* Work required:
Return nothing but the lines from the one with "apartment 東京都立川市錦町２丁目6-2 ステラNKビル1F" through the one with "SHIPPED FROM US" in the data below, word for word and without pictures.

* Supplied material:
+-------+
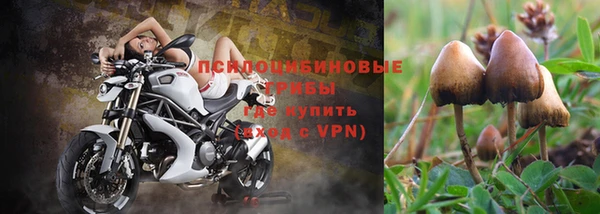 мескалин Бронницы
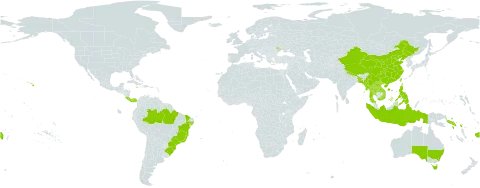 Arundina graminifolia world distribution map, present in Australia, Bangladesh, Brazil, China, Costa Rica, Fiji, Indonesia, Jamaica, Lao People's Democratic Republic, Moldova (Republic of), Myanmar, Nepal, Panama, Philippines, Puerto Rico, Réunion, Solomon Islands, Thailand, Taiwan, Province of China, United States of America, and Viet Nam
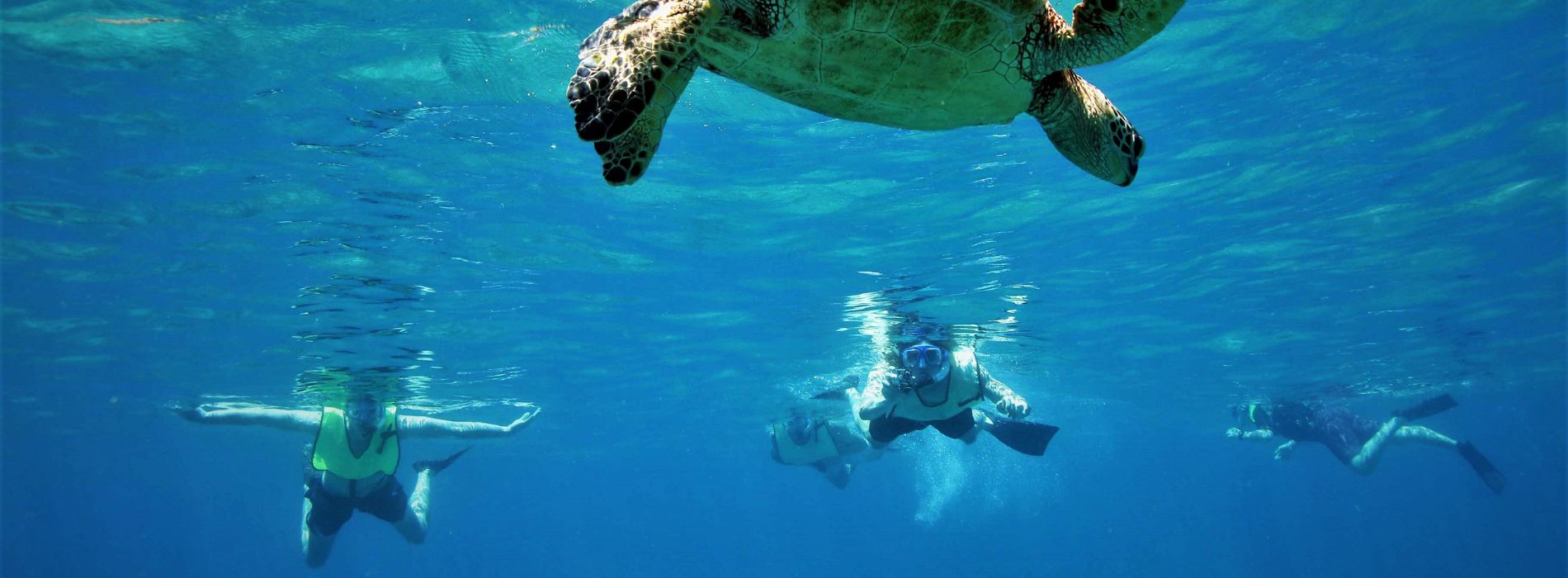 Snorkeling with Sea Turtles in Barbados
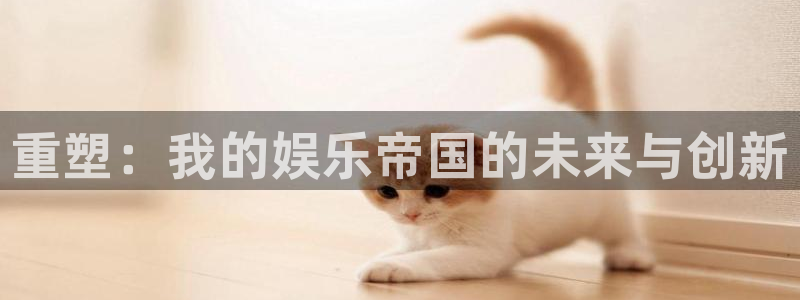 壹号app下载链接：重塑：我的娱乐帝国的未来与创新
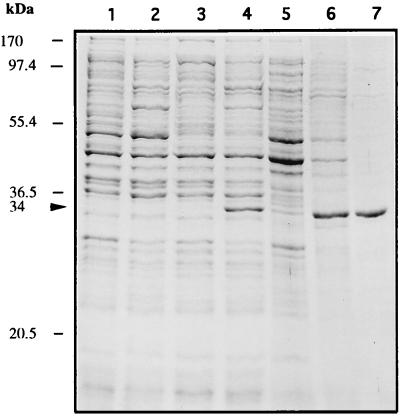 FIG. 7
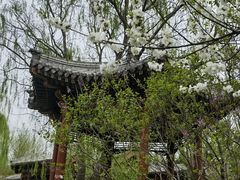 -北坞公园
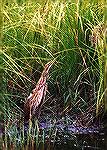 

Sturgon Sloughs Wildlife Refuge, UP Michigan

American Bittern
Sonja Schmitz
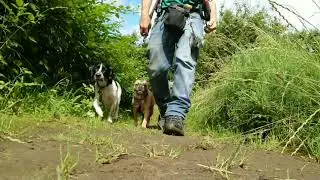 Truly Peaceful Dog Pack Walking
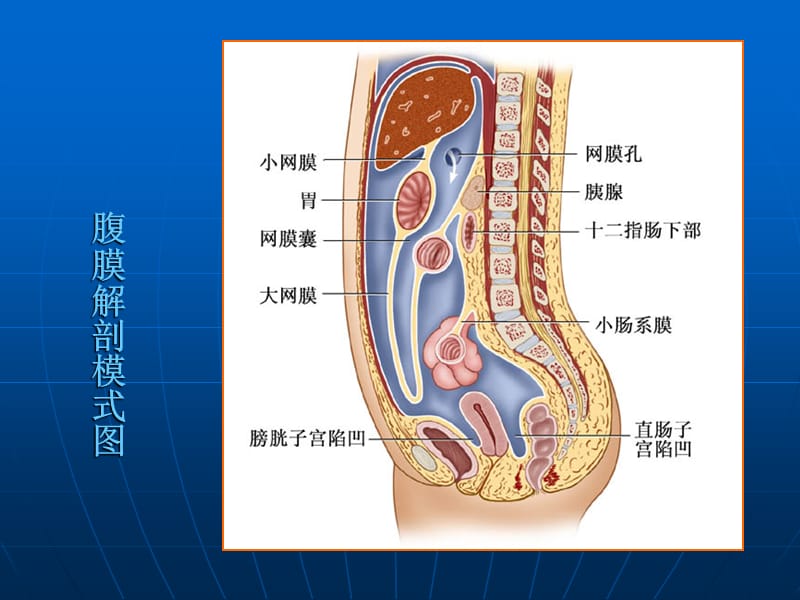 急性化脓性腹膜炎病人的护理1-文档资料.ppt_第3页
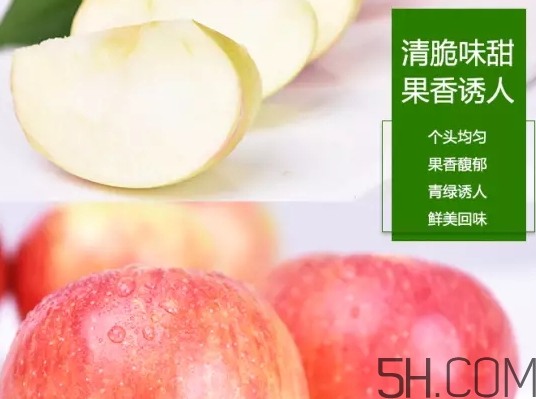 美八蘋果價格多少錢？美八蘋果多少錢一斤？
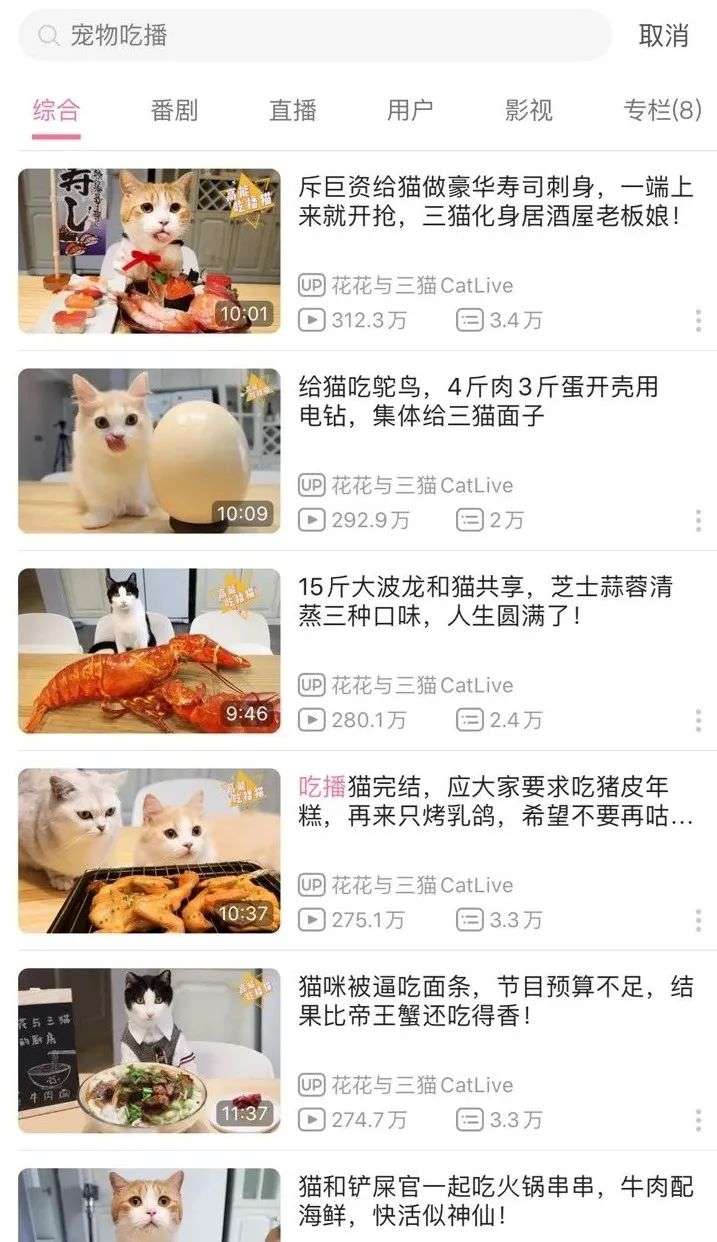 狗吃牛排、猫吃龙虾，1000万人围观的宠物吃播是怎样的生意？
+-------+
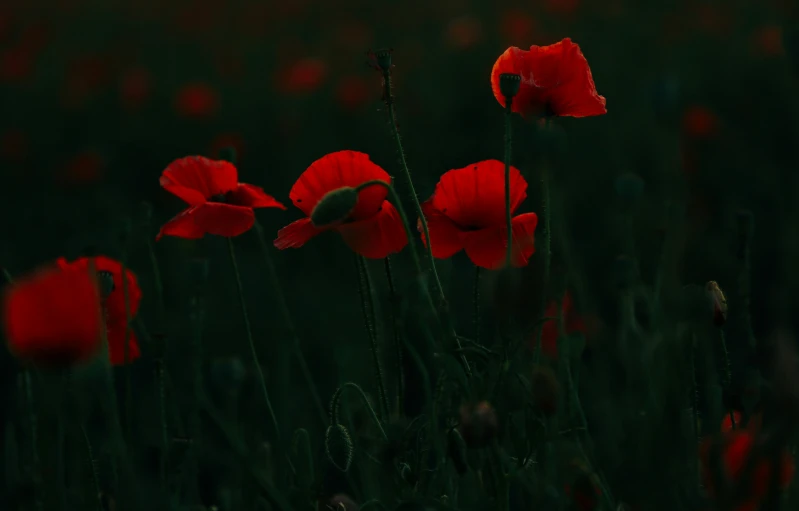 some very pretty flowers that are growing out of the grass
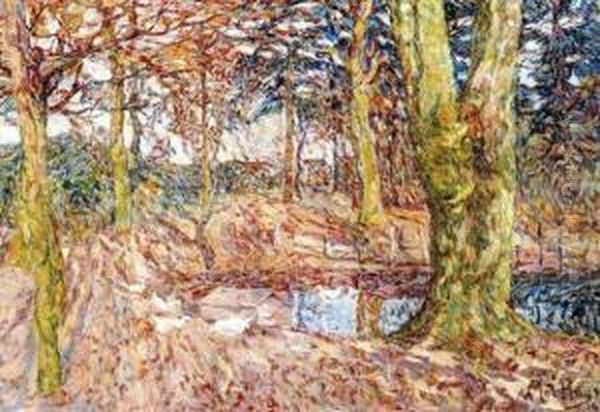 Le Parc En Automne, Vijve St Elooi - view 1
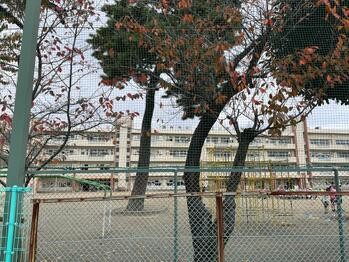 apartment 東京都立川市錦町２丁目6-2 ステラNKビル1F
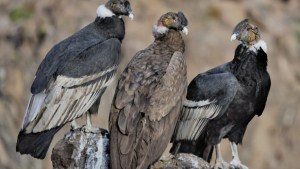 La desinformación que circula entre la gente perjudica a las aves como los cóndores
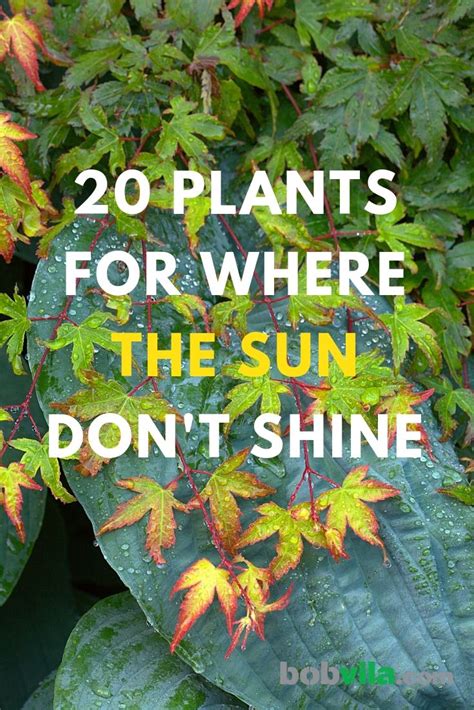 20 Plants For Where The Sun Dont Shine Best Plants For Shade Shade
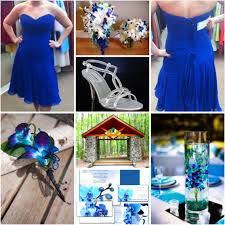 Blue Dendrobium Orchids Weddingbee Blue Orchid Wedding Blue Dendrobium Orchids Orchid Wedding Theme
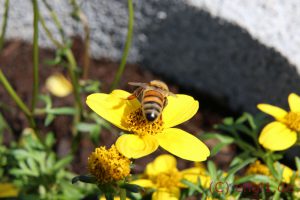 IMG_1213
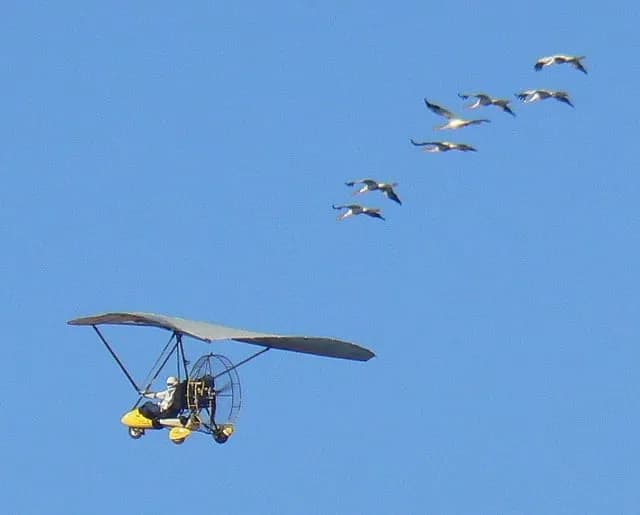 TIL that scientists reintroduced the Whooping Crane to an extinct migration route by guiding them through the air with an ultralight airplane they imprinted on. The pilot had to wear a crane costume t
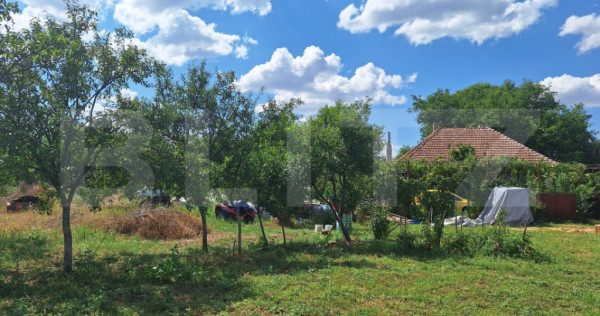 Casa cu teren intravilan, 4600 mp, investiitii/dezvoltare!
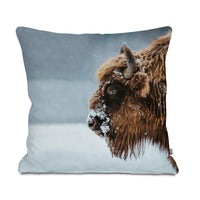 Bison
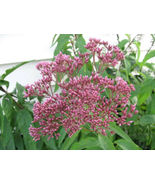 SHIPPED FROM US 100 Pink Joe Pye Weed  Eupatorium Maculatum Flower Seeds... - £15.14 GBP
+-------+
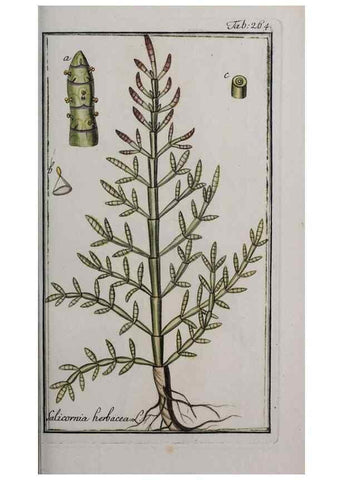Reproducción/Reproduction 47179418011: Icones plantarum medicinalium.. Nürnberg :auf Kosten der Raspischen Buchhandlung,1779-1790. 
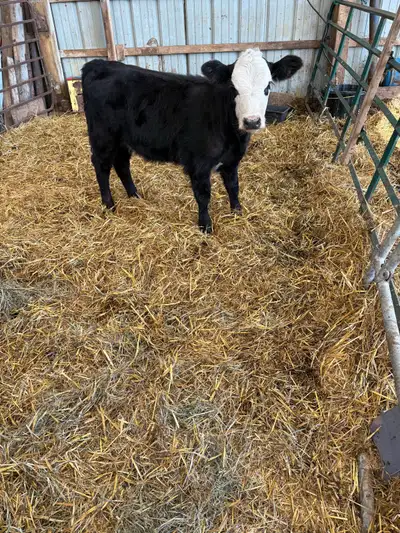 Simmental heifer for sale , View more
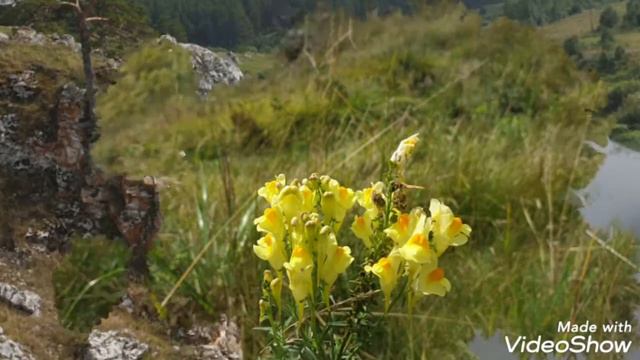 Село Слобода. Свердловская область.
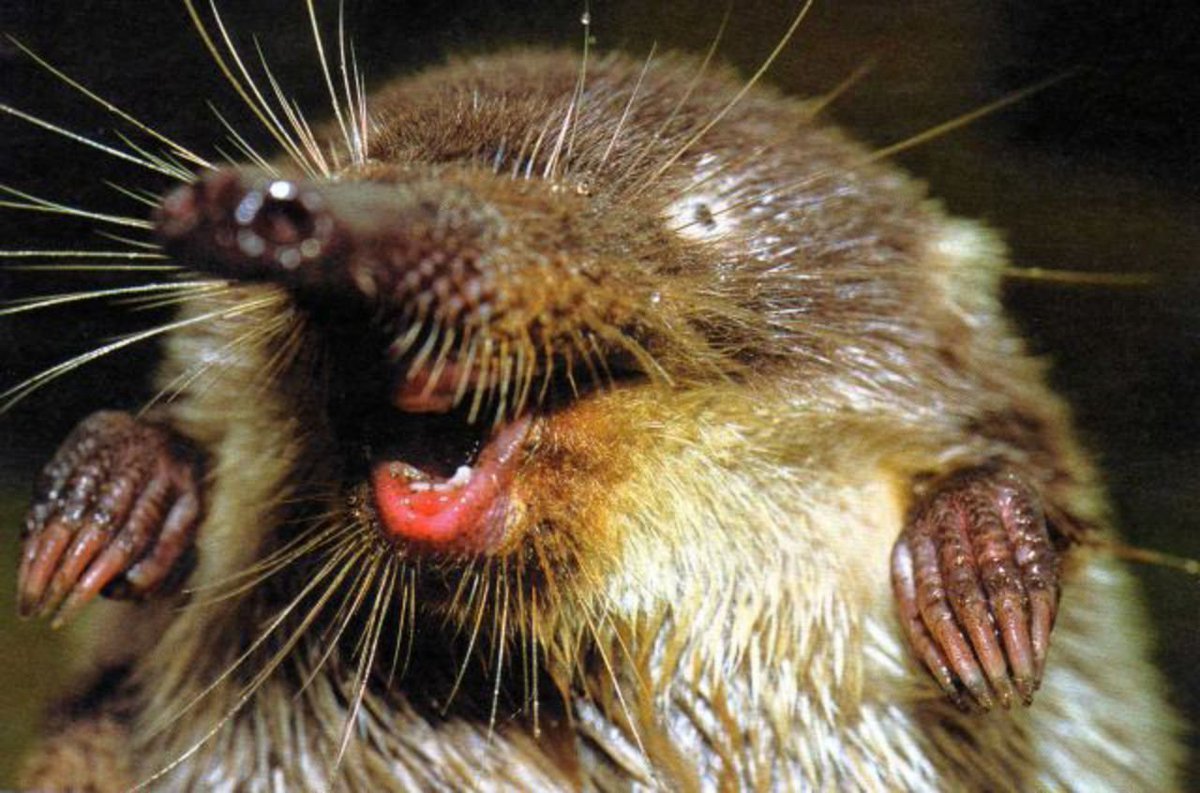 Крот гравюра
+-------+
* Response for this exercise:
 apartment 東京都立川市錦町２丁目6-2 ステラNKビル1F
 La desinformación que circula entre la gente perjudica a las aves como los cóndores
 20 Plants For Where The Sun Dont Shine Best Plants For Shade Shade
 Blue Dendrobium Orchids Weddingbee Blue Orchid Wedding Blue Dendrobium Orchids Orchid Wedding Theme
 IMG_1213
 TIL that scientists reintroduced the Whooping Crane to an extinct migration route by guiding them through the air with an ultralight airplane they imprinted on. The pilot had to wear a crane costume t
 Casa cu teren intravilan, 4600 mp, investiitii/dezvoltare!
 Bison
 SHIPPED FROM US 100 Pink Joe Pye Weed  Eupatorium Maculatum Flower Seeds... - £15.14 GBP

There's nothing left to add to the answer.